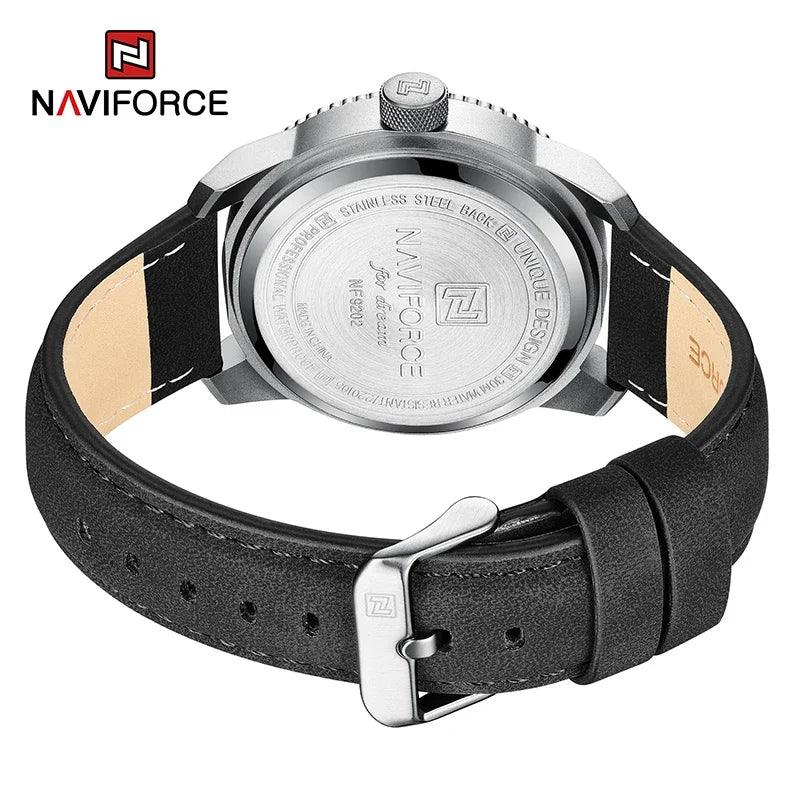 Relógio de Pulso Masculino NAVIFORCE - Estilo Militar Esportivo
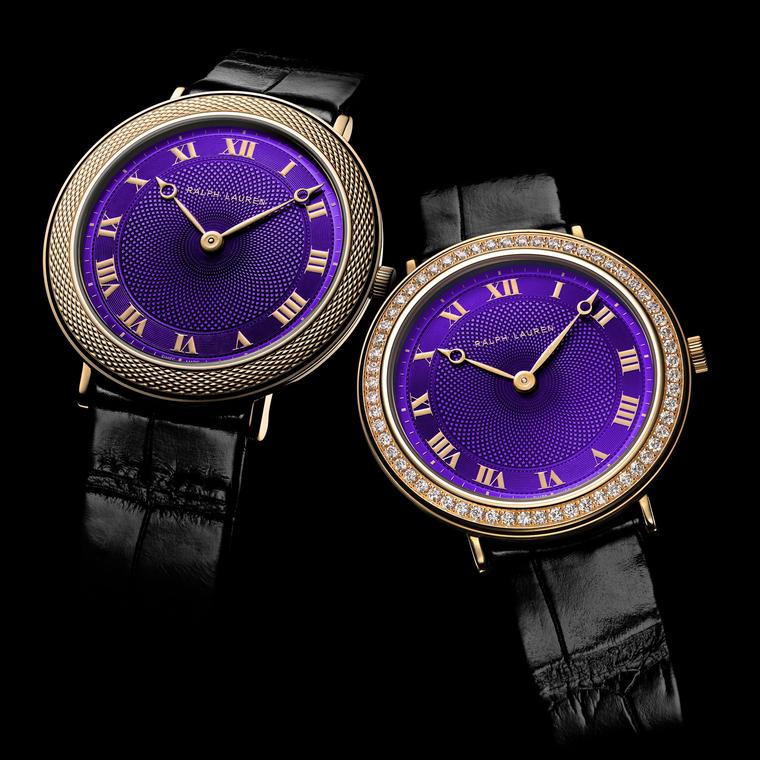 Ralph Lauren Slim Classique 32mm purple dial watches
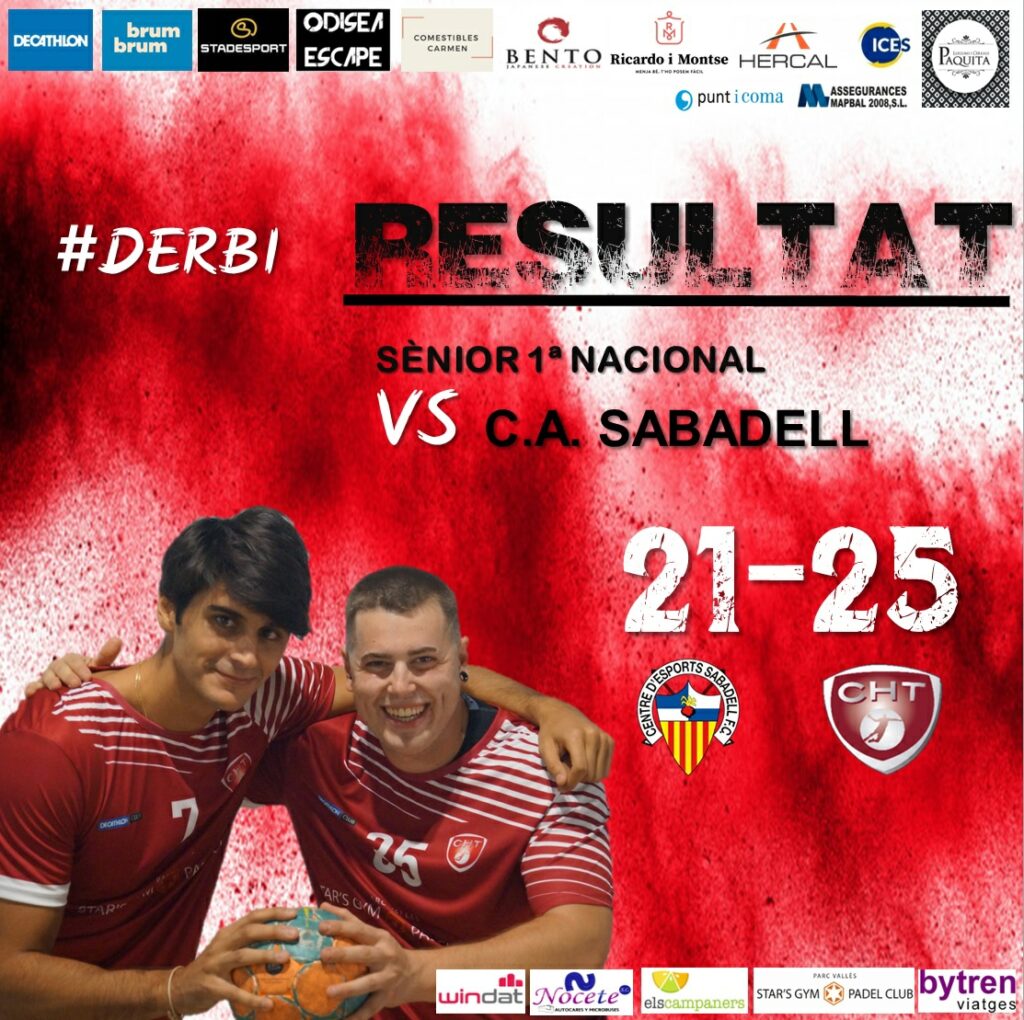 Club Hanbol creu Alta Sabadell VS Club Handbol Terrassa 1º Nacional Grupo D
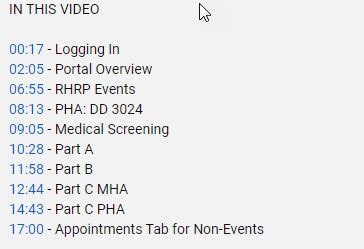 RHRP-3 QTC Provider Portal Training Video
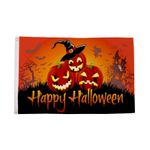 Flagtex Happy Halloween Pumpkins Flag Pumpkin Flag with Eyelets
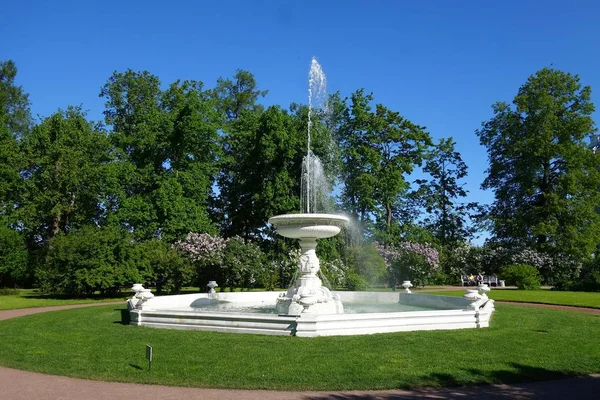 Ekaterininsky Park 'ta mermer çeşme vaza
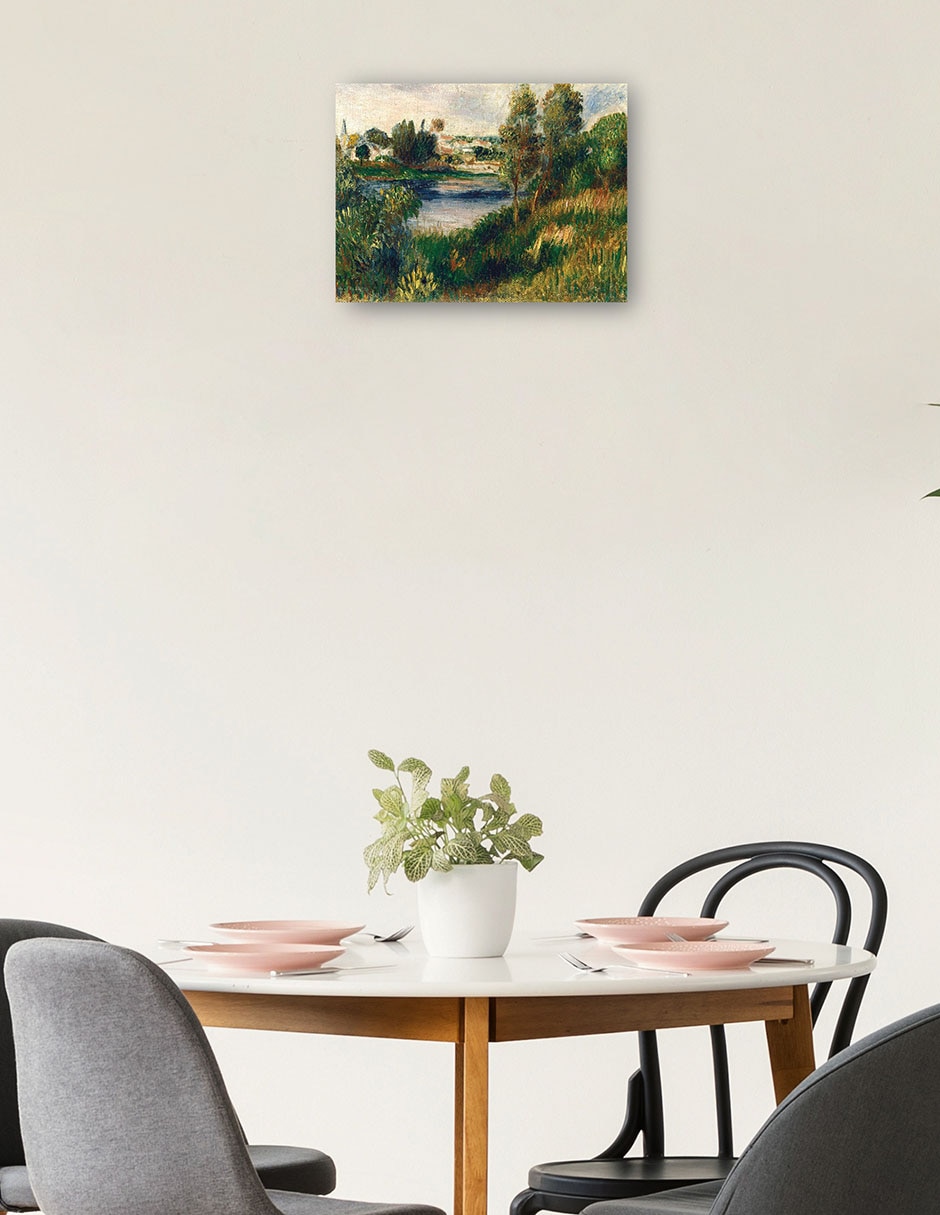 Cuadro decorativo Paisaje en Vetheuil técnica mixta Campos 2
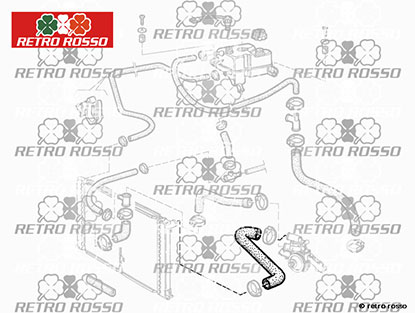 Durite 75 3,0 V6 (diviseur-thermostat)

========

Only the text of the entries belongs in the answer, copied exactly; the pictures stay out.

• [Answer below]
 Relógio de Pulso Masculino NAVIFORCE - Estilo Militar Esportivo
 Ralph Lauren Slim Classique 32mm purple dial watches
 Club Hanbol creu Alta Sabadell VS Club Handbol Terrassa 1º Nacional Grupo D
 RHRP-3 QTC Provider Portal Training Video
 Flagtex Happy Halloween Pumpkins Flag Pumpkin Flag with Eyelets
 Ekaterininsky Park 'ta mermer çeşme vaza
 Cuadro decorativo Paisaje en Vetheuil técnica mixta Campos 2
 Durite 75 3,0 V6 (diviseur-thermostat)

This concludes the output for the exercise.